No fue hasta un año más tarde, mientras escribía "El punto medio del corazón", que me animé a mostrarla, capítulo a capítulo en Wattpad. Lo hice como mero entrenamiento o quizá como una forma de "librarme" de ella; no lo sé, la verdad. El caso es que cada semana subía un nuevo capítulo; así hasta diecinueve. Entonces me detuve. ¿Y por qué? Porque me di cuenta de que aquello se estaba poniendo "serio". La novela estaba tomando cuerpo y alma, y merecía ser tratada desde otro enfoque. Así que, con todo el dolor de mi corazón (y supongo que también del de todos mis lectores en dicha plataforma) borré todo rastro de ella y me dispuse a reescribirla hasta convertirla en lo que es ahora.
"Nunca dejes de mirarme" ha tardado casi tres años en ver la luz de forma completa. Y en esos tres años ella y yo hemos pasado por diferentes etapas. Desde la euforia más apremiante hasta la indiferencia absoluta (aunque esta última nunca duraba demasiado). 
El primer momento de angustia fue aquel en el que, antes incluso de escribir la primera palabra, no lograba encontrar un nombre adecuado para el personaje principal masculino.
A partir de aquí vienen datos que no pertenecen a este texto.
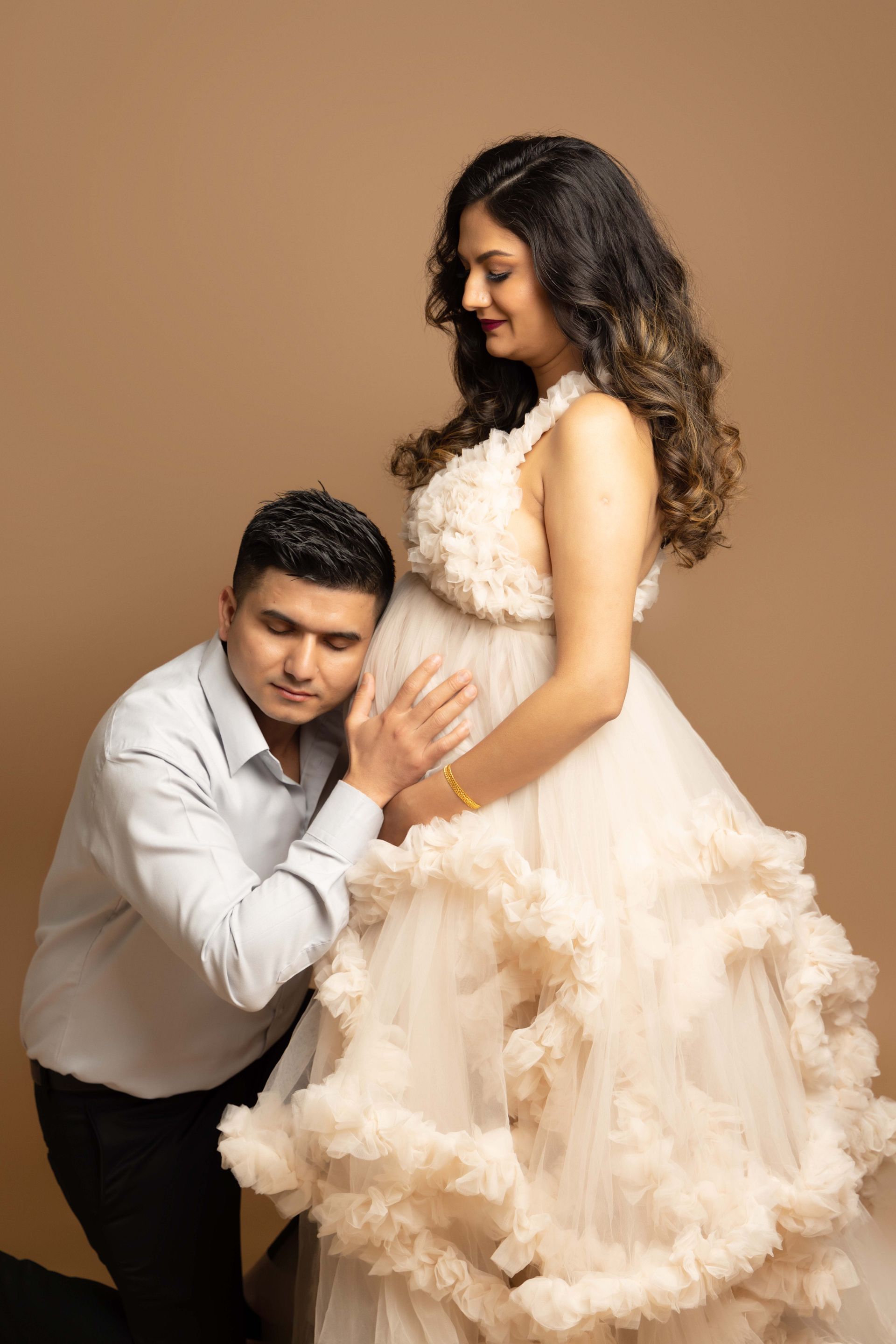 A man is kneeling down next to a pregnant woman in a white dress.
Recorrí incansable listas interminables de nombres y ninguno se adecuaba al color y sonoridad que necesitaba (qué le vamos a hacer; padezco de una sinestesia galopante; y no, no tomo drogas ☺); hasta que un día escuché a Agnes Obel cantar su Dorian y me dije: ¡Aleluya! Y ahí acabaron mis pesares en cuanto a nombres; pues el de Sara, la protagonista femenina y narradora de la historia ya lo tenía decidido desde hacía tiempo. Los demás surgieron de forma sencilla.
Desde un primer momento quise darle a la historia cierto ambiente sombrío, pero sin evitar la frescura de una narración de carácter adolescente; en ocasiones con un toque cómico. Esto último con la intención de desdramatizar ciertos aspectos de la novela.
Quien haya leído alguno de mis libros anteriores habrá comprobado la importancia que tiene la música a lo largo de la trama (sobre todo en "La promesa"). Con "Nunca dejes de mirarme" ocurre lo mismo; más teniendo en cuenta que los dos protagonistas principales tienen diecisiete años. Es imprescindible para mí introducir música en mis novelas, porque... ¿existe alguien en este mundo que pueda vivir sin música? ¿Aunque solo sea tararear los primeros compases de una canción o bailar al ritmo de un tambor? Lo veo difícil. En la novela aparecen canciones que acompañan a las escenas poniéndoles palabras. Como es el caso de Wherever you are de One Ok Rock que aparece de sonido ambiente en la escena "íntima" entre Dorian y Sara. Una canción que es a la vez un guiño a mi predilección por las culturas asiáticas.
La novela transcurre en Santiago de Compostela. Elegí esta ciudad porque me parece sencillamente mágica. Solo en ella podía imaginarme a Sara y a Dorian luchando contra la adversidad, bajo la lluvia, entre la verde espesura.
Y ya para finalizar suscribiré lo dicho ya en la sinopsis:
"Nunca dejes de mirarme" no es solo una novela de suspense, es también una historia de denuncia social. Un canto a la libertad y al descubrimiento del primer amor.  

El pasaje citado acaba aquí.